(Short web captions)
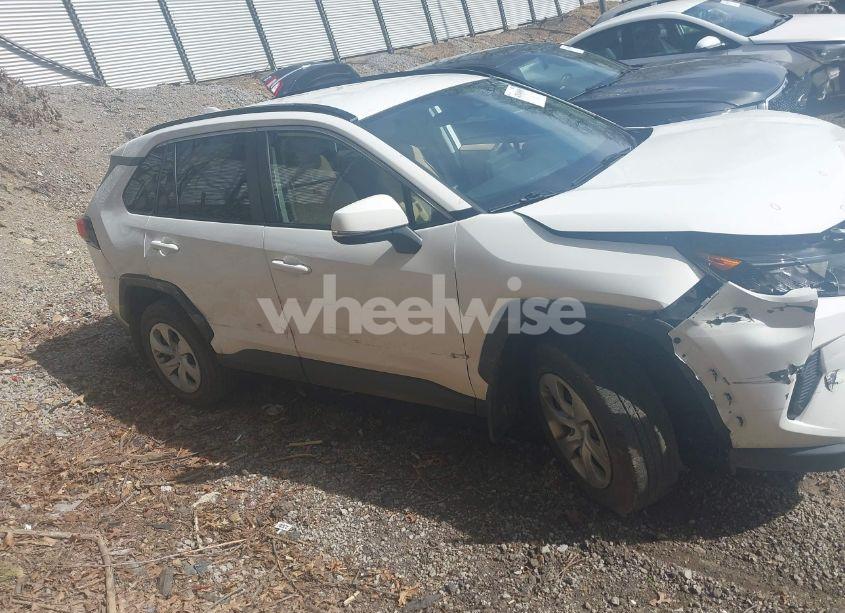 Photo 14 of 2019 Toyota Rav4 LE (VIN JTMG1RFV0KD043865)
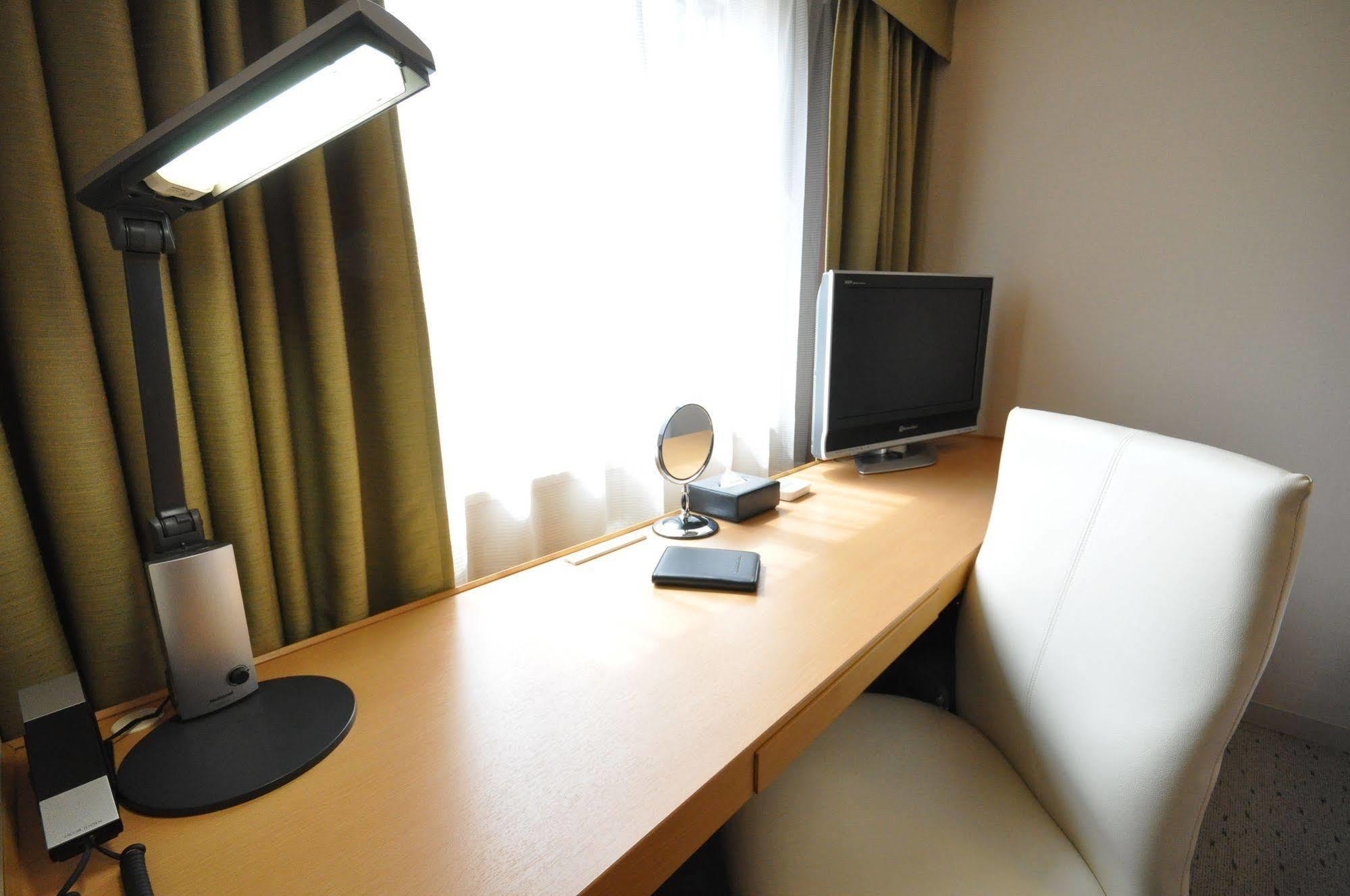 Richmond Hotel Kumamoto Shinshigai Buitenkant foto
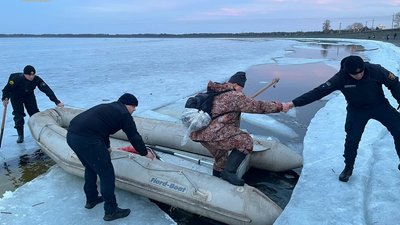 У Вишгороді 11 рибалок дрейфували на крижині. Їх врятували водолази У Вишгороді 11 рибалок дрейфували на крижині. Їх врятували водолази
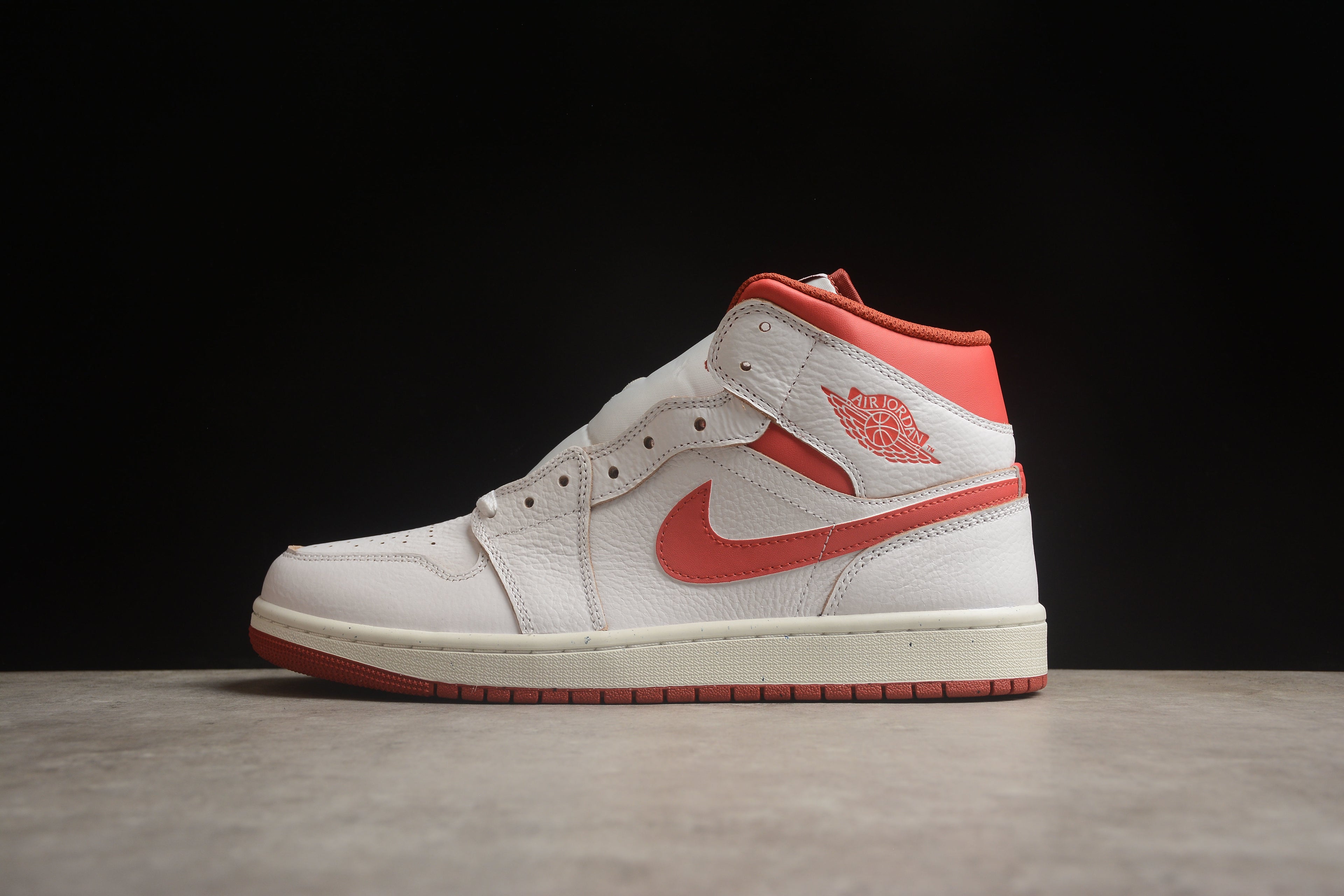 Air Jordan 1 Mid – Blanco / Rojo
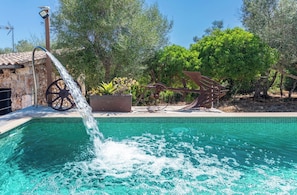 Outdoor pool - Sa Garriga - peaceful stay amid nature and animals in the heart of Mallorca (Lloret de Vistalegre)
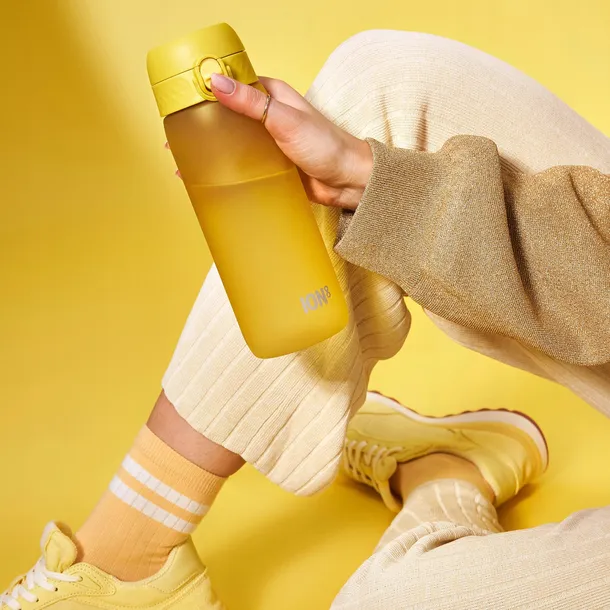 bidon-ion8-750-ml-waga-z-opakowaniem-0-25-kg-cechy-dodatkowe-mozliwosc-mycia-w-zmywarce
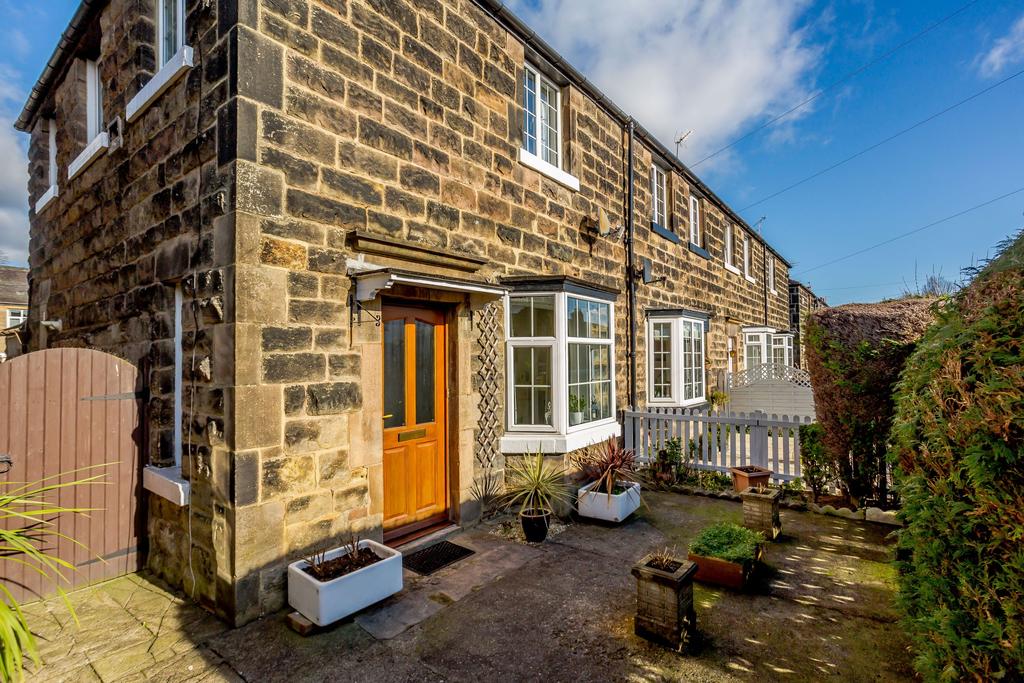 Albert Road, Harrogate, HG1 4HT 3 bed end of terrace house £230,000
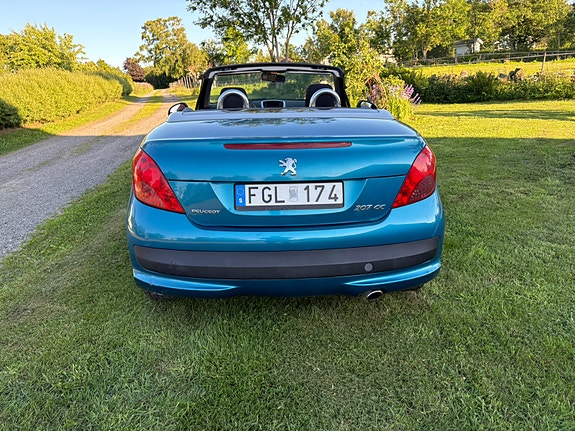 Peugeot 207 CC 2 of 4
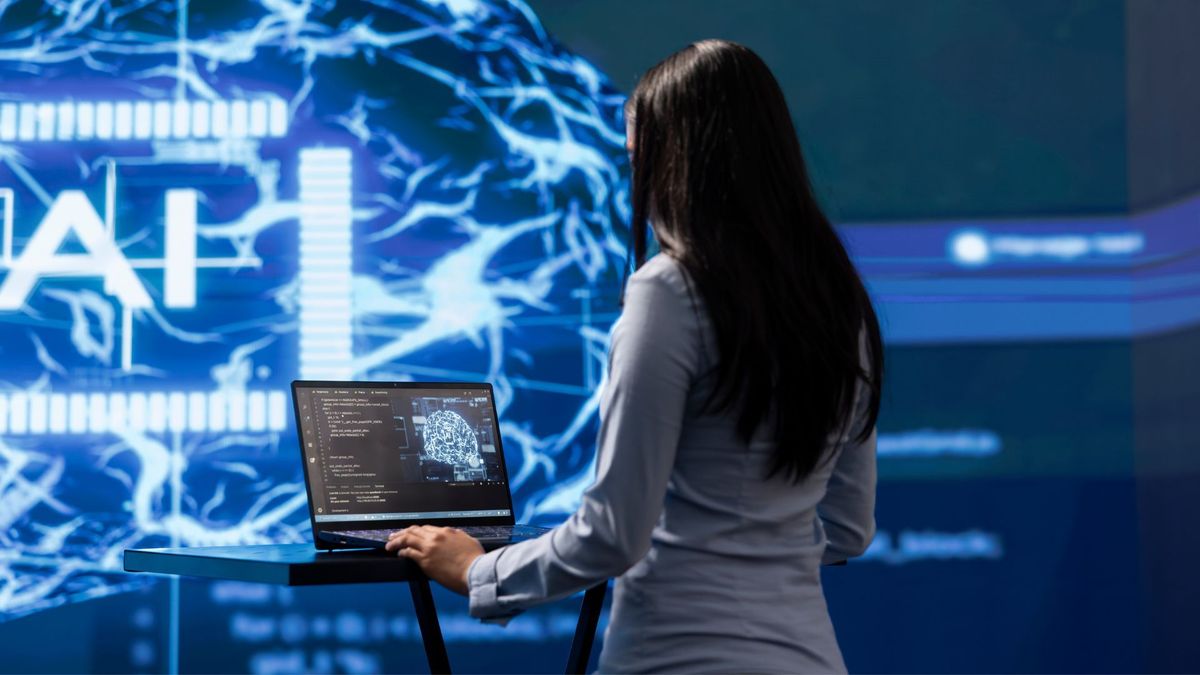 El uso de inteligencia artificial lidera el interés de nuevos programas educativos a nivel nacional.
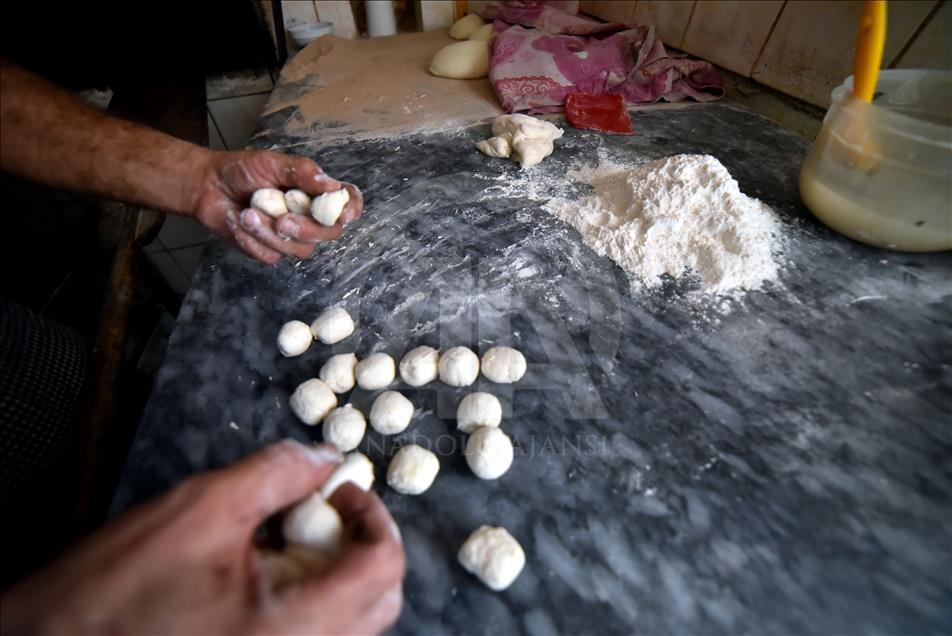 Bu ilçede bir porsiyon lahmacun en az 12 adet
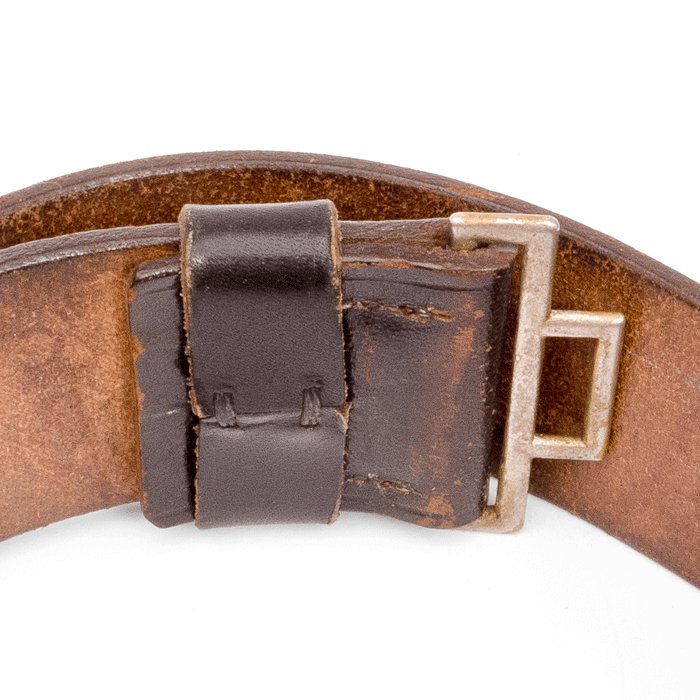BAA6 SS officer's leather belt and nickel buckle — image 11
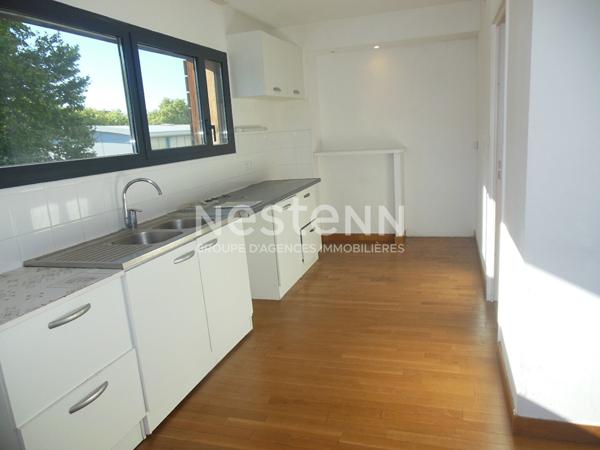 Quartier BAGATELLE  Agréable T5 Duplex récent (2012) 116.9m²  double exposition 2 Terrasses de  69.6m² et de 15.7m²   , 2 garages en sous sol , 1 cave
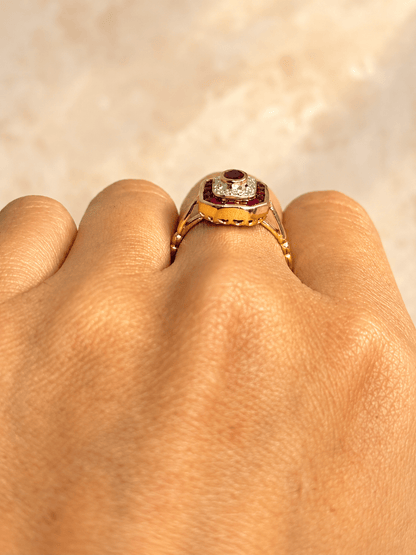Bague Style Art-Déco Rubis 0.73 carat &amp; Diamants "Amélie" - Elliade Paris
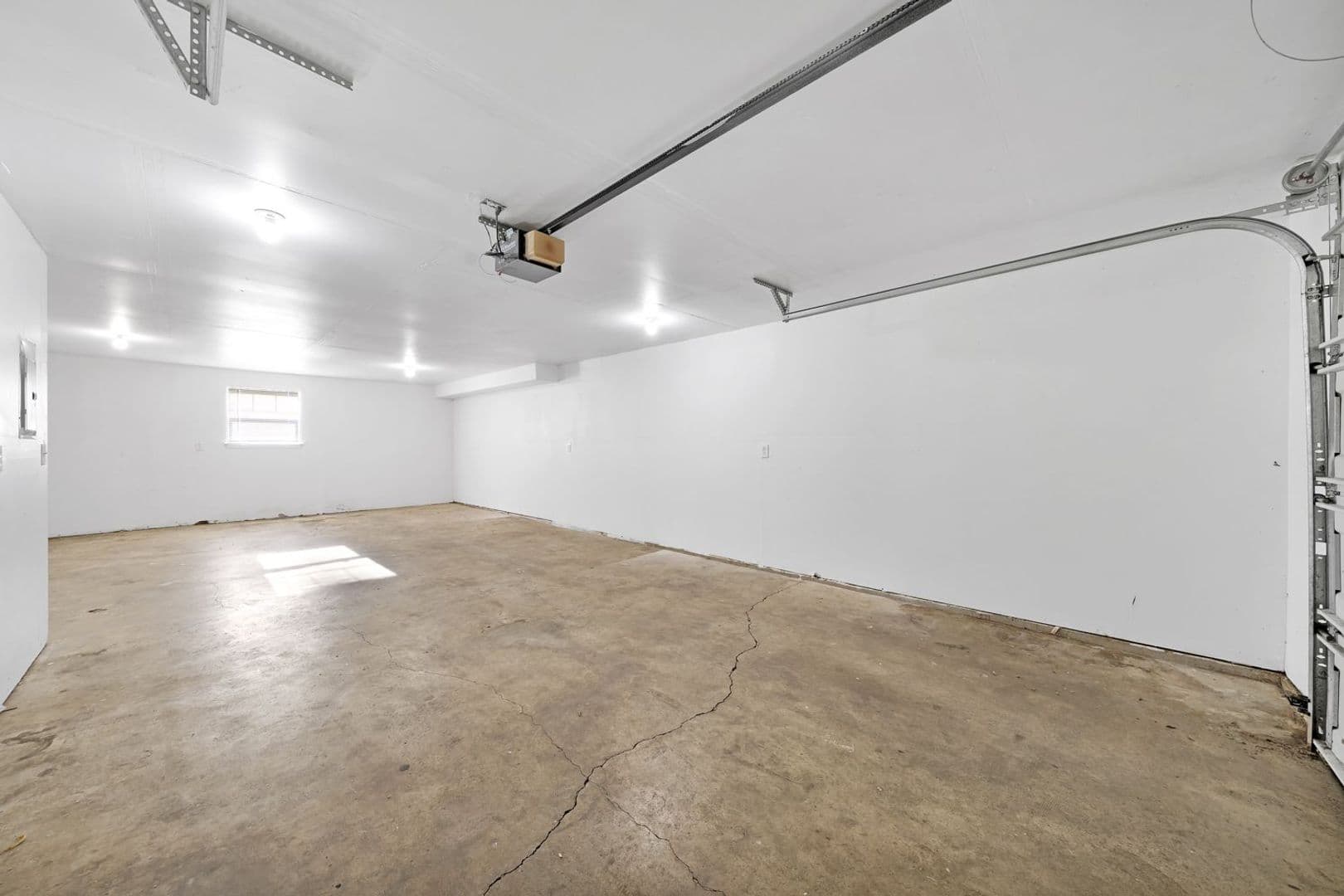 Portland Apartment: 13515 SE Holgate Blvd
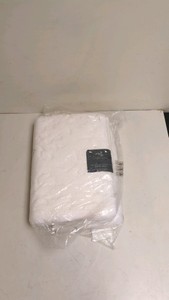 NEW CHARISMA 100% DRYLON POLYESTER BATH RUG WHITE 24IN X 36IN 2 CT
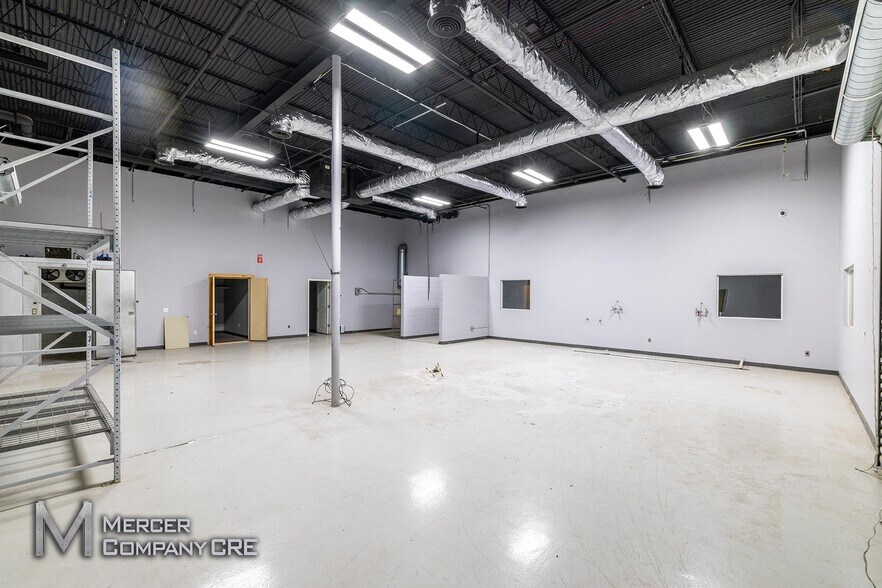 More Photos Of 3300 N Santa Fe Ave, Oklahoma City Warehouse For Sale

• **WHAT IS EXPECTED**
Your answer should be the lines from the opening of the records through the line with "BAA6 SS officer's", both ends retyped exactly and pictures left out.

• **SOLUTION BELOW**
 Photo 14 of 2019 Toyota Rav4 LE (VIN JTMG1RFV0KD043865)
 Richmond Hotel Kumamoto Shinshigai Buitenkant foto
 У Вишгороді 11 рибалок дрейфували на крижині. Їх врятували водолази У Вишгороді 11 рибалок дрейфували на крижині. Їх врятували водолази
 Air Jordan 1 Mid – Blanco / Rojo
 Outdoor pool - Sa Garriga - peaceful stay amid nature and animals in the heart of Mallorca (Lloret de Vistalegre)
 bidon-ion8-750-ml-waga-z-opakowaniem-0-25-kg-cechy-dodatkowe-mozliwosc-mycia-w-zmywarce
 Albert Road, Harrogate, HG1 4HT 3 bed end of terrace house £230,000
 Peugeot 207 CC 2 of 4
 El uso de inteligencia artificial lidera el interés de nuevos programas educativos a nivel nacional.
 Bu ilçede bir porsiyon lahmacun en az 12 adet
BAA6 SS officer's leather belt and nickel buckle — image 11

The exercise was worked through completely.